Babes in Toyland: Good-Natured Whites faced with a Jewish Usurer, Shyster, and Subversive

Some of what I say here is off the mark because it was based on the reasonable but false assumption that the story in Hal Roach’s Babes in Toyland was at least vaguely similar to the story in Glen MacDonough’s 1903 libretto. (Despite bearing the same name, they are utterly different.) For a better article on the same matter, see my post of 25 December 2015.

Silas Barnaby asks Little Bo Peep to marry him and is rejected. 
In retaliation he determines to foreclose on her mother’s mortgage.
The frustrated usurer foments an insurrection of subhumans.

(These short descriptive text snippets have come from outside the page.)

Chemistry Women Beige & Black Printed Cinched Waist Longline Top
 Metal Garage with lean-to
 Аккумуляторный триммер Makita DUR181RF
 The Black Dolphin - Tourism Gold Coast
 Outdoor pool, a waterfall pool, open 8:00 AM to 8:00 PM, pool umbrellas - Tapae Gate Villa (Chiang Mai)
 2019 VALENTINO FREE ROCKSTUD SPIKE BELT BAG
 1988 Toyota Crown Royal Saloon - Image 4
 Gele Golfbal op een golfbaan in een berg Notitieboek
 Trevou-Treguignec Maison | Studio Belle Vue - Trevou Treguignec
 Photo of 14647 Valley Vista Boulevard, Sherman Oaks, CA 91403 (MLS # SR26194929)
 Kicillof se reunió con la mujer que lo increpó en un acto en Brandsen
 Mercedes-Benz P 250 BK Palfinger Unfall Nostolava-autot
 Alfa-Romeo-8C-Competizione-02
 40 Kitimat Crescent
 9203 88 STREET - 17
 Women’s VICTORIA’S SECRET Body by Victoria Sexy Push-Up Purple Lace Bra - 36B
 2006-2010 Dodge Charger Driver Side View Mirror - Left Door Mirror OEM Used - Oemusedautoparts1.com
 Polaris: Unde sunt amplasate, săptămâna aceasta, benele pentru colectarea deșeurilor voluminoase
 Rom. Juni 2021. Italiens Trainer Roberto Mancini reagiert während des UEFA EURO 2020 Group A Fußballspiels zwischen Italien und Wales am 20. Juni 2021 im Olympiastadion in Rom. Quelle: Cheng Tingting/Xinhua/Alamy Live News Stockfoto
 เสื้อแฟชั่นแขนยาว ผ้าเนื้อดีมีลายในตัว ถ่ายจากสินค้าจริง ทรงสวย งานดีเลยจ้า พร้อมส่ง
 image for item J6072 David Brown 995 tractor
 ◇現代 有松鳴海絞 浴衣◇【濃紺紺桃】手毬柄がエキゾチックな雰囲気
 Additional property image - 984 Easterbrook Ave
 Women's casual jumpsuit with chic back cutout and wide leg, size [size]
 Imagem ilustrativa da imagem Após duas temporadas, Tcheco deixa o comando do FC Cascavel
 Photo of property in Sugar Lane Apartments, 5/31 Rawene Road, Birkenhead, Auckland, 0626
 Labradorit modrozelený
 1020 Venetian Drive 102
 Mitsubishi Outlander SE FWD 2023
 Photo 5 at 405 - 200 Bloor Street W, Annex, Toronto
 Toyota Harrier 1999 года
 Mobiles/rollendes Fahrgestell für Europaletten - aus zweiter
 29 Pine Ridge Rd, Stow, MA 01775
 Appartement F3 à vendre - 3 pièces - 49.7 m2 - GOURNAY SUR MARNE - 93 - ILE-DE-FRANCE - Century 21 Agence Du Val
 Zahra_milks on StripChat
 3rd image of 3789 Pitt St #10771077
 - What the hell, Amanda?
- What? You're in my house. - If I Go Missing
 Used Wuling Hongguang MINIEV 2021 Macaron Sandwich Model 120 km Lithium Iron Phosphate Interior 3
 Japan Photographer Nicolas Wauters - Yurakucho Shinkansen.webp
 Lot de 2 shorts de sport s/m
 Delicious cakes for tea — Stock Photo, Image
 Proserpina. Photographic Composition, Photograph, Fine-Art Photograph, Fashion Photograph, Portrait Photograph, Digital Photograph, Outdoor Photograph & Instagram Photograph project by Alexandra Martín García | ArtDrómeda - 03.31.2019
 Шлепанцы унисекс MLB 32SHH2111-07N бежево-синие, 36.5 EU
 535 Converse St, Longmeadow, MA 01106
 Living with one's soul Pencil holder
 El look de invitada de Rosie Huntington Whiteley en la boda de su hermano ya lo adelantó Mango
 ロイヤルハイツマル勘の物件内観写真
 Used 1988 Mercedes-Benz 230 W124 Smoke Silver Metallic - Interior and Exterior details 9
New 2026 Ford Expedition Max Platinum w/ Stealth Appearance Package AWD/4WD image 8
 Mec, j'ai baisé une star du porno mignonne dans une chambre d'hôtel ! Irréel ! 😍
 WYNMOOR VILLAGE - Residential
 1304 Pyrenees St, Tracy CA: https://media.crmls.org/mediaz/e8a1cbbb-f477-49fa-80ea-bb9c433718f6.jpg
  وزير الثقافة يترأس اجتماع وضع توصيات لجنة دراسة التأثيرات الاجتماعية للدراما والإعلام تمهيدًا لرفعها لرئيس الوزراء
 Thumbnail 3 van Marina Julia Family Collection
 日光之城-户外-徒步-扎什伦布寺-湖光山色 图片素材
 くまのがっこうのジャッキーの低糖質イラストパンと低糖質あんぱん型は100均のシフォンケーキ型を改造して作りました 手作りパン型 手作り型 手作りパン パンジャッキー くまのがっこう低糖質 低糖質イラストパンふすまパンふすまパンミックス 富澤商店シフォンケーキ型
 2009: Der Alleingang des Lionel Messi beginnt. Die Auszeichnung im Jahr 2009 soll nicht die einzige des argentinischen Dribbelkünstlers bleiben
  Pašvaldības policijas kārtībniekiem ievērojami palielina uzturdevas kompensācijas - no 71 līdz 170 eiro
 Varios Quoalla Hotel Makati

This 1934 film starring Laurel and Hardy was based on the 1903 operetta Babes in Toyland by composer Victor Herbert and librettist Glen MacDonough, written in a period when Jewish socialist and anarchist agitators were notorious in the United States. President William McKinley had been murdered only two years earlier by Leon Czolgosz, whose action had been influenced by a speech given by Red Emma Goldman. The association of Jewish immigrants with anarchist disturbances was such an obvious fact in the first decade of the twentieth century that it was openly discussed. 

What makes it certain that the villain of Babes in Toyland, the bushy-browed  Silas Barnaby, represents a Jew, is that in addition to being a subversive agitator he is also a usurer. He resorts to fomenting insurrection of the apelike, “half-man and half-animal” Bogeymen, after his attempt to exert power as a money-lender is thwarted.

In addition to being a banker  and a revolutionist, Mr. Barnaby makes crooked use of the legal system, framing Tom Tom the Piper’s son. That’s three negative Jewish stereotypes in one character.

While it may not be possible to prove that Silas Barnaby was intended as a composite of Jewish stereotypes, the combination of usurer, shyster, and subversive is hard to mistake for anything else.